--- About this task ---
Your answer must be an exact copy of the data below, minus any pictures.

┌─ Data below

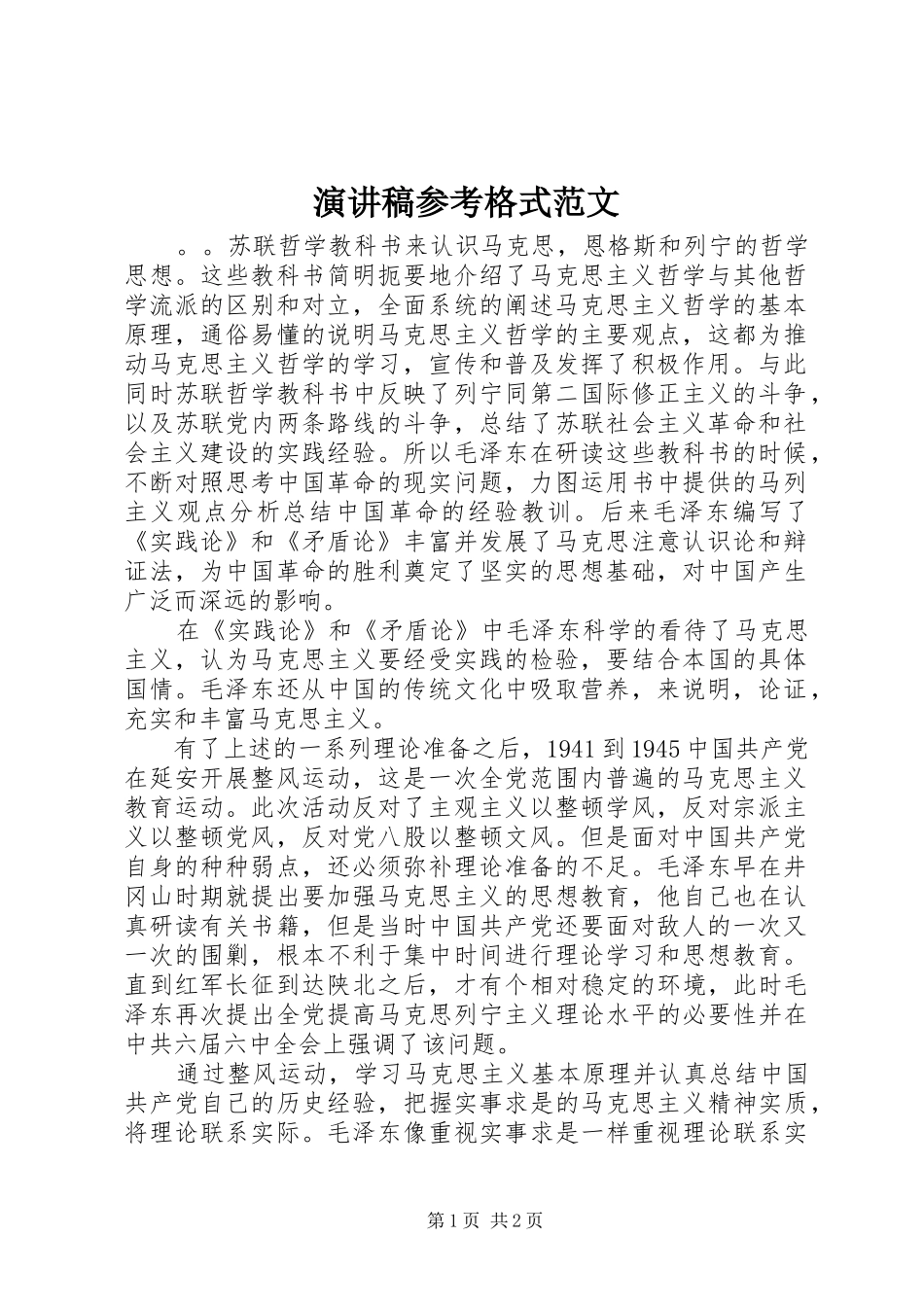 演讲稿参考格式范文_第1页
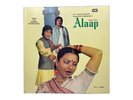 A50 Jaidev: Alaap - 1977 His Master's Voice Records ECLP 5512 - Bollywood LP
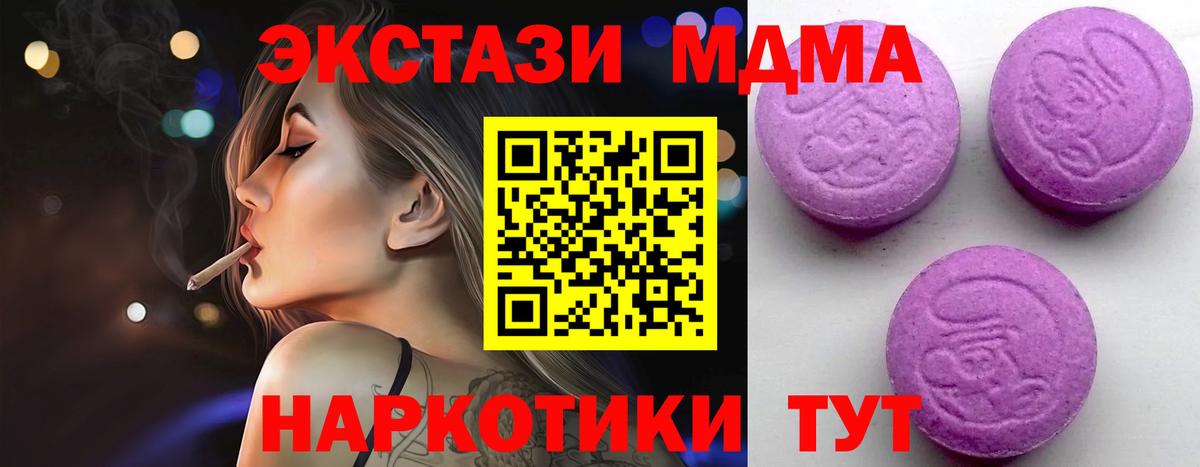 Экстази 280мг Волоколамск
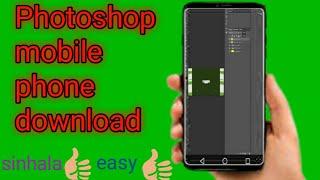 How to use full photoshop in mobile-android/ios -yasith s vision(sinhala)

└─

--- Exercise response ---
 演讲稿参考格式范文_第1页
 A50 Jaidev: Alaap - 1977 His Master's Voice Records ECLP 5512 - Bollywood LP
 Экстази 280мг Волоколамск
 How to use full photoshop in mobile-android/ios -yasith s vision(sinhala)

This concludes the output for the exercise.